Позвольте, а Маяковский?! Хлебников?! Цветаева?!. «Облако в штанах», «Флейта-позвоночник» – поэмы новые, и «Ночь перед Советами» и «Ночной обыск» – тоже, и «Поэма Горы» и «Поэма Конца», и кто хочет, тот вправе назвать каждую из них «гениальной» или «шедевром»! Именно так, но таковы они при первом прочтении – и при двадцать первом. А эти четыре – раз от раза меняются, постоянно что-то новое из себя выталкивают, то в одном стихе, то в другом просят быть прочитанными не так, как раньше. «Облако» с первого раза грандиозно, грандиозней «Двенадцати», но «Двенадцать» растет, и растет, и растет.
Тем не менее мы вставляем «Облако в штанах» в самую середину этой книги. Во-первых, ради яркости, без которой классическая бледность русской поэмы, сдержанный трагизм ее тональности утратили бы что-то существенное в своем достоинстве. Во-вторых, из-за влияния, которое эта поэма в той или иной форме оказывала на всю последующую русскую поэзию. Едва ли Александр Блок, внимательно читавший «Облако», мог чувствовать себя так свободно в «уличных» ритмах «Двенадцати», если бы не учтенный им предшествующий опыт Маяковского. Многоголосие «Поэмы без героя» несет следы перечитывания – и претворенного усвоения – его поэм (и прежде всего «Облака»), к которым Ахматова обратилась еще раз перед тем, как начать работу над собственной.

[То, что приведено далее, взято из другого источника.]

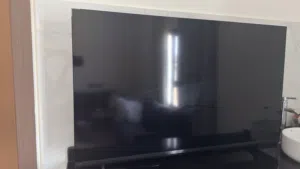 تلفزيون سوني مستعمل فقط 4 اشهر فيه ضمان سنه موجود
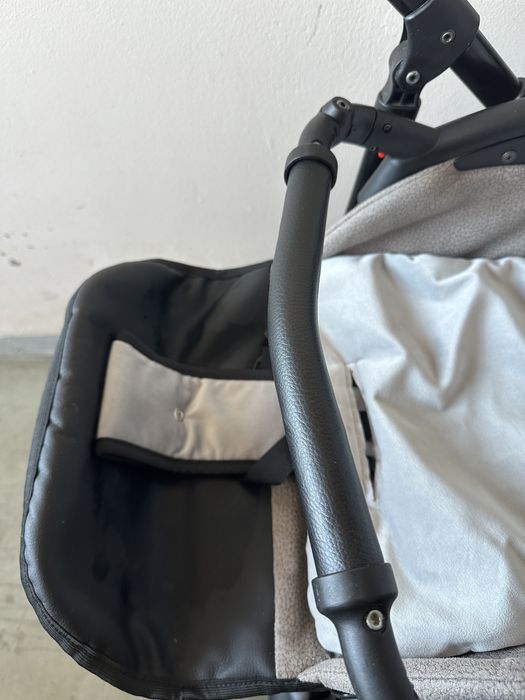 Бебешка количка (детска)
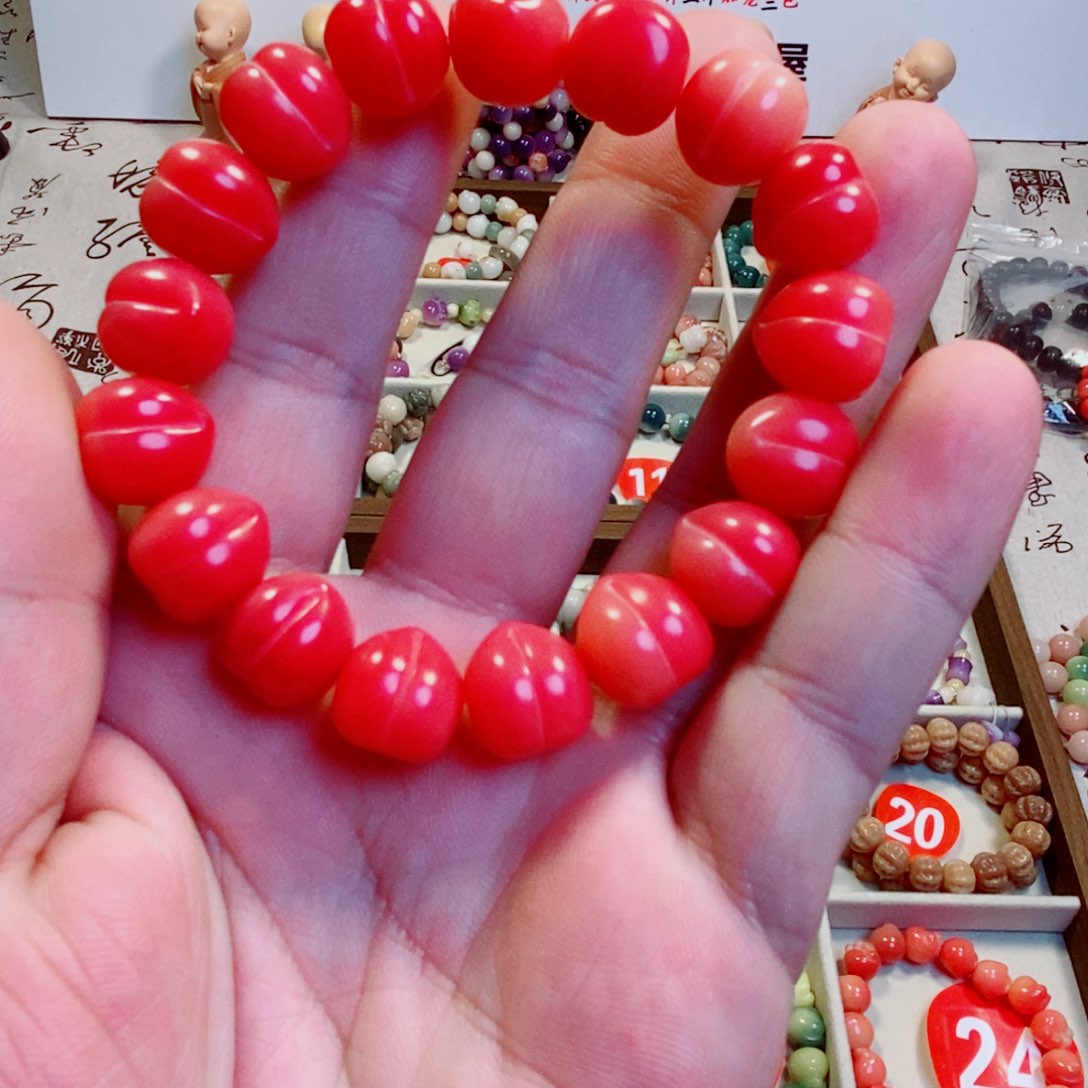 白玉菩提吊坠粉桃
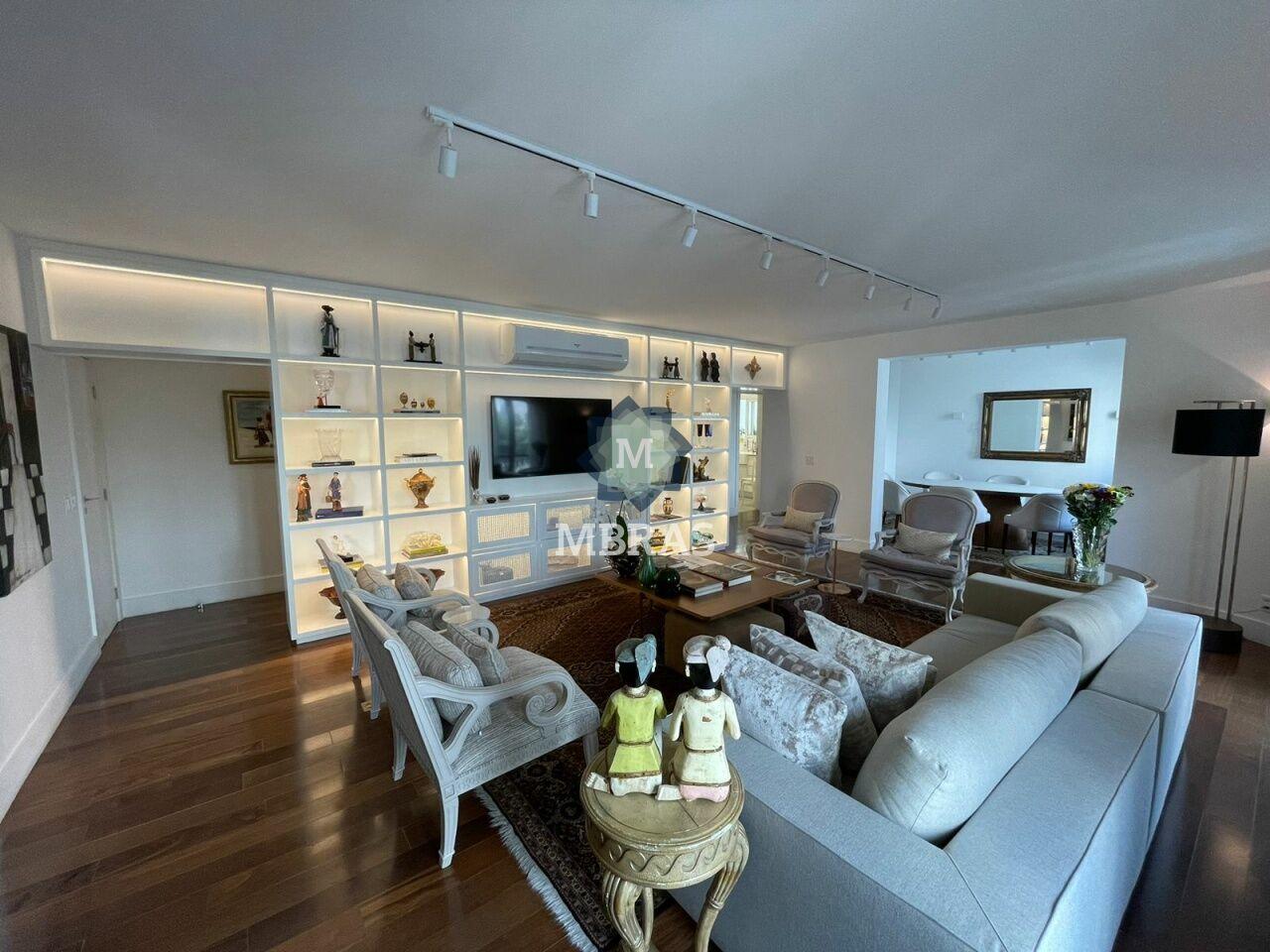 Apartamento reformado na Al. Lorena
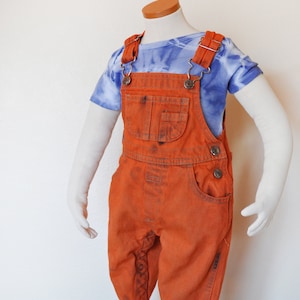 Pantaloni con pettorina Orange Kid 3-6 mesi - Salopette in denim vintage arancione tinto a mano per neonati Arizona - Neonati 3-6 mesi (10&quot; di larghezza x 7&quot; di lunghezza)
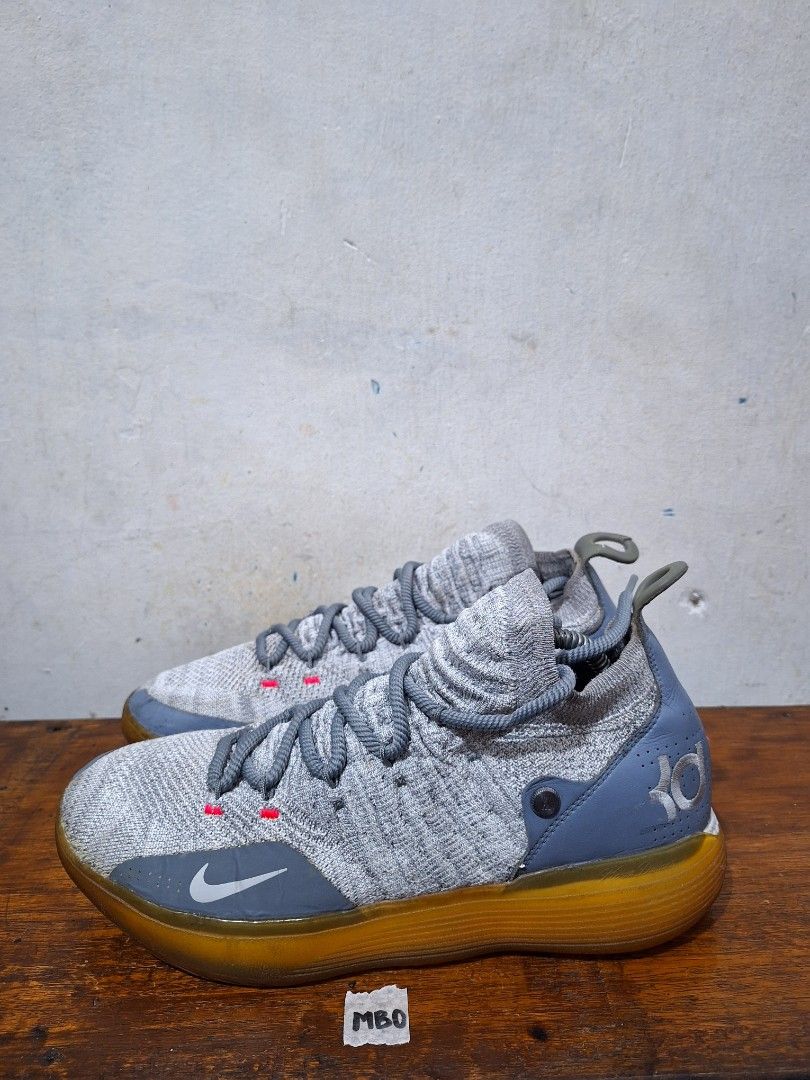 Sepatu second original Nike KD 11 size 44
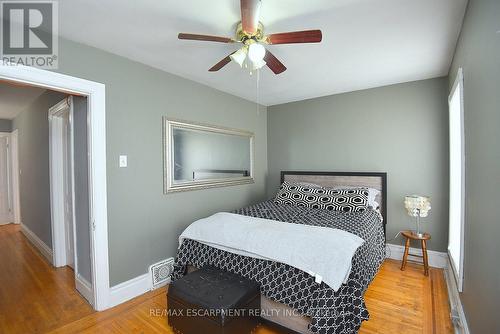 56 Kinrade Avenue, Hamilton, ON - Indoor Photo Showing Bedroom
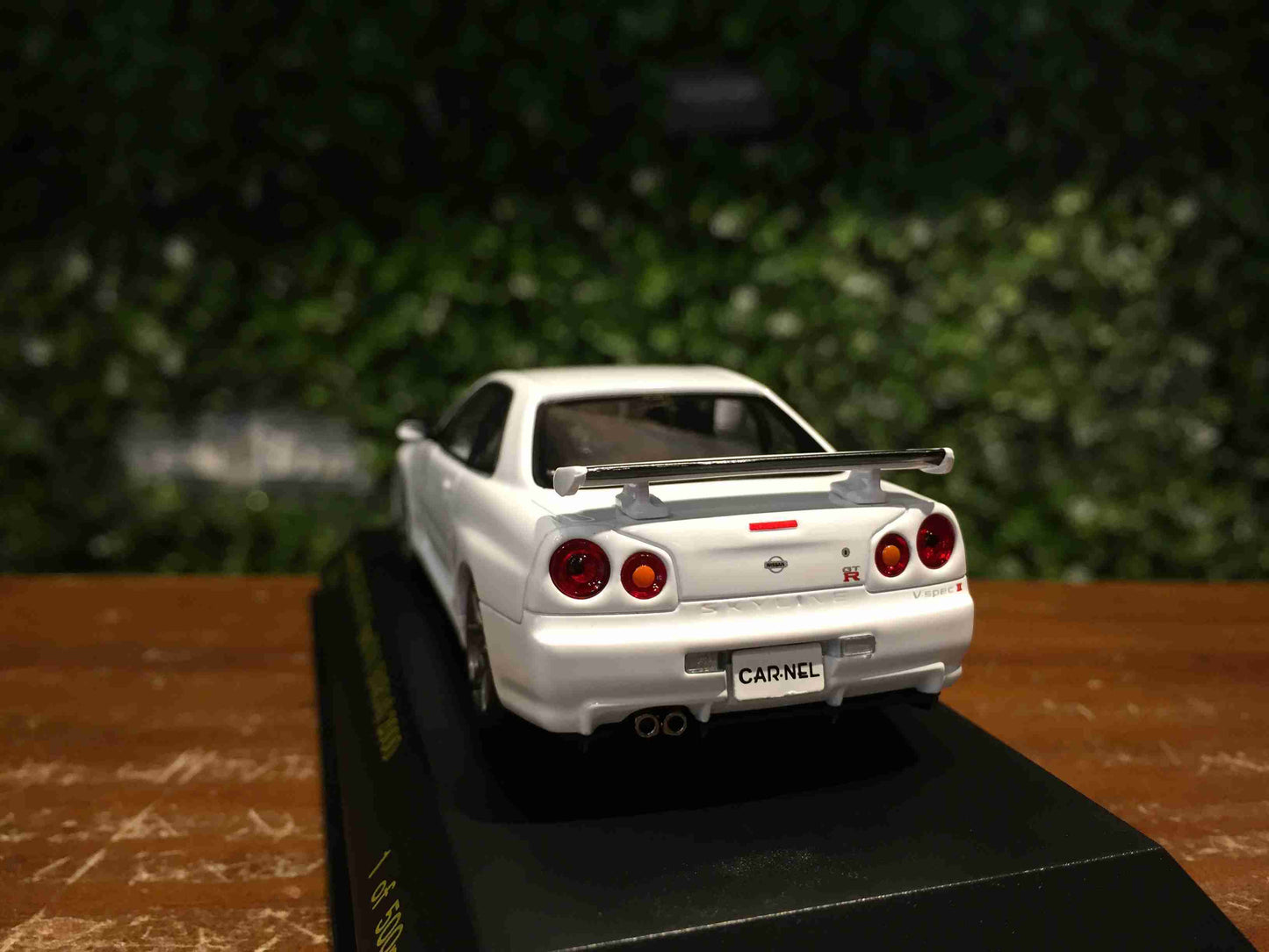 Carnel - Nissan Skyline GT-R (R34) VSpecII N1 Nur 2000 (White)- 1:43 Scale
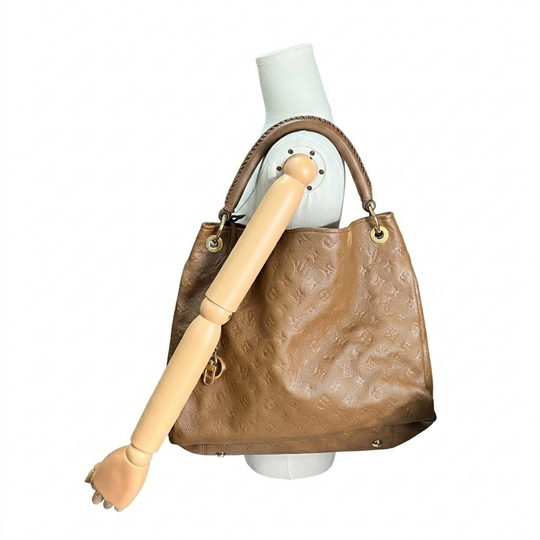 Bolsa Louis Vuitton Artsy MM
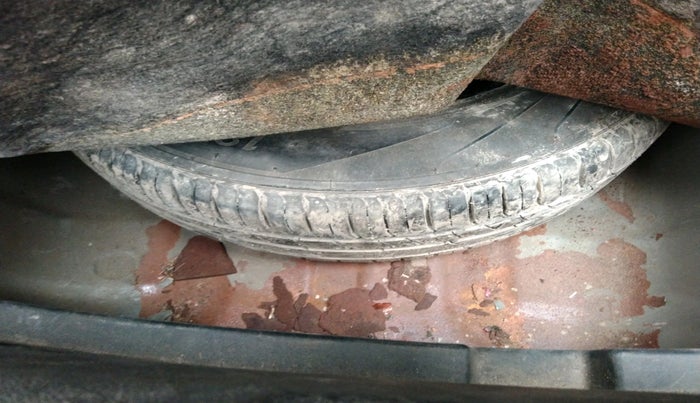 2022 Hyundai Verna SX 1.5 VTVT, Petrol, Manual, 42,897 km, tyre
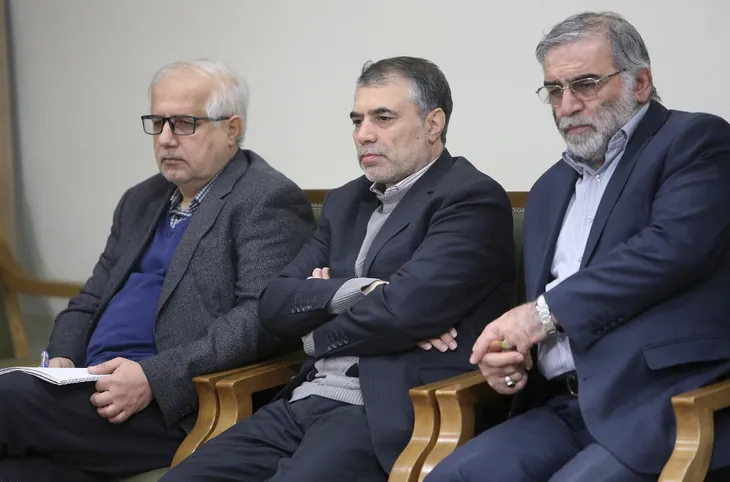 Nhà khoa học hạt nhân hàng đầu Iran bị ám sát - Ảnh 1. Nhà khoa học hạt nhân hàng đầu Iran bị ám sát - Ảnh 1.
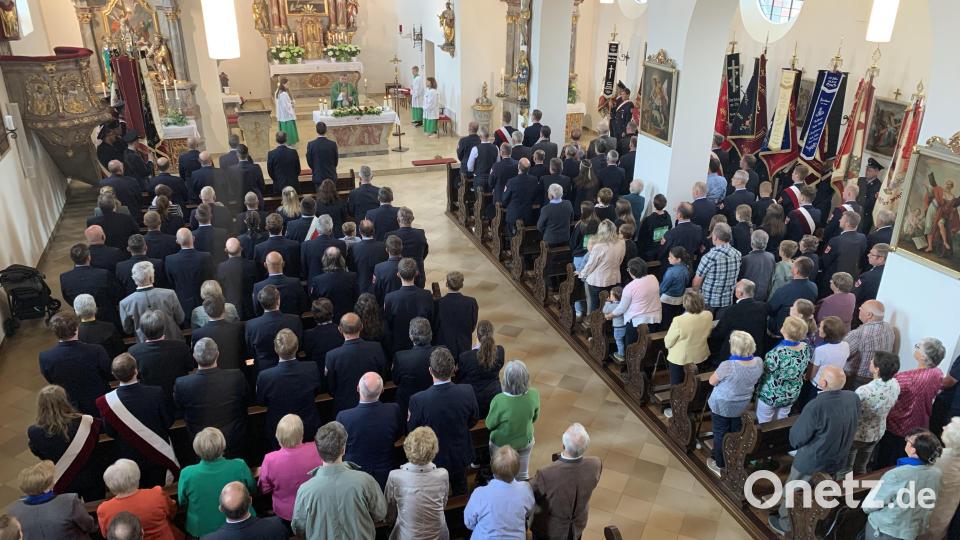 Beim Jubiläumsgottesdienst ist in der Kirche kein Platz mehr frei. Bild: tok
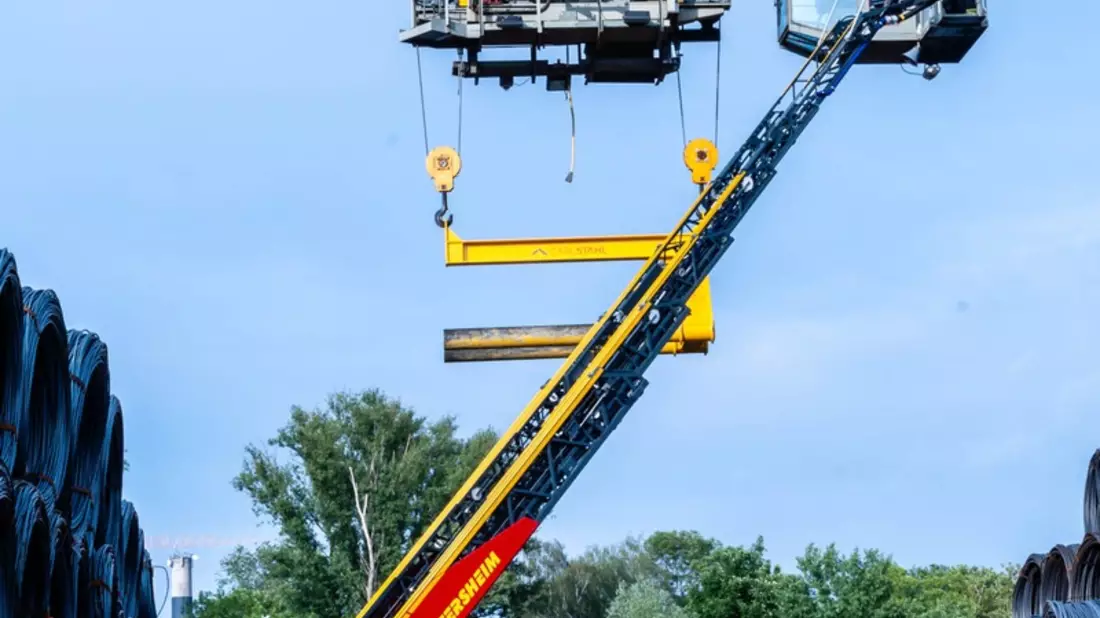 Feuerwehr MTK: Höhenrettung und Menschenrettung unter Stahlringen: Realistische Einsatzübung in Okriftel - Bild: presseportal.de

Этапная новизна каждой последующей из этих пяти избранных поэм по отношению к предыдущей очевидна. Не очевиден, а лучше сказать, вообще не вообразим масштаб скачка от допушкинской поэмы к пушкинской. Для нас пушкинская поэма – точка отсчета хотя бы потому, что язык ее – наш, с незначительными поправками нынешний разговорный язык. А сверх того, это наша классическая поэзия, то есть то, как в нашем представлении надо писать по-русски стихи, во всяком случае то, без чего их писать нельзя. Поэтому, чтобы ясен был переворот, совершенный Пушкиным в русской поэме, следовало бы открыть разговор об этом феномене с «Душеньки» Богдановича, самой популярной и по достоинству высоко ценимой поэмы допушкинского периода.
Итак, помимо «Душеньки» как введения, пять поэм, за четыре из которых можно поручиться, что впечатление от каждого нового прочтения их что-то переменит в предыдущем. Читателю, замечающему это, трудно отличить, что́ нового он вычитывает из текста и что́ вчитывает в него. Чтобы не превратить чтение в чисто интеллектуальную игру, следует ориентироваться, по-видимому, на первое впечатление. Настоящая поэма – вселенная, но у вселенной есть границы, и читатель все-таки не демиург, чтобы произвольно ими распоряжаться.